That's an amazing amount of money to raise Lynda, well done you!!


----------



## Donnathomp (May 5, 2012)

So sweet, Pat. Thanks so much.


----------



## Maryannee (Jul 17, 2012)

Amen! To that!


----------



## Yaya579 (Oct 2, 2011)

Thank you so much for all of the patterns you have designed!! I have gotten many compliments on things I make with your patterns.


----------



## leannab (Sep 7, 2011)

Speechless as usual. Your generosity and talent is second to none!

Bear cub has to now go on the menu for knitting soon, little puppy needs another friend.

Xrays and ultrasound tomorrow to see what the damage is to my shoulder. Hope it's not knitting related but I've had to give it up and rest. What a pain, so much to do. He's earmarked me for cortisone injections whilst under the scan if necessary. As long as I can knit again soon, have a great nephew coming in London in a few months.

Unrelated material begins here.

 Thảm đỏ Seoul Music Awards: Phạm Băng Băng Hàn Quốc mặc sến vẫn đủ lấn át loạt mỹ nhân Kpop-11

Thanks for these little patterns, they truly are adorable. I noticed that you have expanded your buddy range too, was surprised to see a lamb and monkey. Goodness knows how I missed them. Well done as usual!!!!!

Love and hugs to you, Luke and DH.

Leanna x x x x x


----------



## Gypsycream (Nov 23, 2011)

leannab said:


> Speechless as usual. Your generosity and talent is second to none!
> 
> Bear cub has to now go on the menu for knitting soon, little puppy needs another friend.
> 
> ...


Bles Leanna, I hadn't heard you'd damaged your shoulder, I've done that before and it was so painful, I couldn't even lie down, had to sleep in my chair for a fortnight. Hopefully you'll have some good news soon and you'll soon be well again.

Lovely news about your expected great nephew, shame he'll be so far away.

Gentle hugs and love to all XXX


----------



## leannab (Sep 7, 2011)

Gypsycream said:


> Bles Leanna, I hadn't heard you'd damaged your shoulder, I've done that before and it was so painful, I couldn't even lie down, had to sleep in my chair for a fortnight. Hopefully you'll have some good news soon and you'll soon be well again.
> 
> Lovely news about your expected great nephew, shame he'll be so far away.
> 
> Gentle hugs and love to all XXX


Oh while I think of it, you must be enjoying the cricket, I guess you didn't want to mention it. It's ok we're hopeless and don't deserve to win. Enjoy!!!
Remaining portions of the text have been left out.